While FrontBurner’s server went out for coffee yesterday, I decided to waste some time perusing the vote totals. Here are a few first-brush conclusions:
African-American Pastors Alliance: It’s a good thing I believe in mixing religion and politics, because these fellows sure know how to do it. The turnout was an impressive demonstration of muscle-flexing (and Laura Miller-baiting).
The Morning News, D Magazine, People Newspapers, and yes, even the Dallas Observer, if I don’t say so myself: All endorsed the proposal. It carried almost every precinct north of the Trinity (except in Lake Highlands–where it lost by 616 votes and where the opposition was led by respected neighborhood leaders like Alan Wahne). The theory that the vote means media endorsements no longer matter (as promulagated by Buzz this week in the Observer) is flat-out contradicted by the results. Just don’t expect the print media to have any impact where they don’t have any readers.
The aforementioned Laura Miller, of course: But don’t for a minute count her out. Her most-admired quality as a reporter was doggedness (truthfulness was another matter).
The North Dallas Chamber of Commerce: Steve Taylor and his board need to reconsider their posturing. As late as today’s edition of Preston Hollow People, Taylor is offering up such quotes as, “I can’t assure you that we’ll support (a second strong-mayor proposal)…” Let me break the news to you, Steve. Nobody cares whether you do or don’t. You didn’t carry a single precinct.
The Dallas Citizens Council: Thanks, guys. You, too, failed to influence a single vote, unless you have more clout in South Dallas than has hitherto been revealed. So now what are you going to do to fix City Hall?

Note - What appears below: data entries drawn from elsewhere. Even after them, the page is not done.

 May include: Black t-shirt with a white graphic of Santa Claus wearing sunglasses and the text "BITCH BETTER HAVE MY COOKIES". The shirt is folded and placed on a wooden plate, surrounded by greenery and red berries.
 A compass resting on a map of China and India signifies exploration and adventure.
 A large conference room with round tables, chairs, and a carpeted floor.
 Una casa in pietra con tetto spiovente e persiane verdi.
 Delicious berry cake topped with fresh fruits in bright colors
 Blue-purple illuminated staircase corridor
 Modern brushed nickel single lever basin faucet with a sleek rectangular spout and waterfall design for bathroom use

My good friends Pat Cotton and cohorts: This GOP stalwart is constantly quoted in the press, and I have to wonder why. She campaigned hard against Blackwood–and from what I can tell, didn’t even carry her own precinct.
IN THE HOT SEAT
Council members Gary Griffith and Mitch Rasansky: Their districts went for it by substantial margins. Push will come to shove if they don’t deliver a new–and real–strong mayor alternative.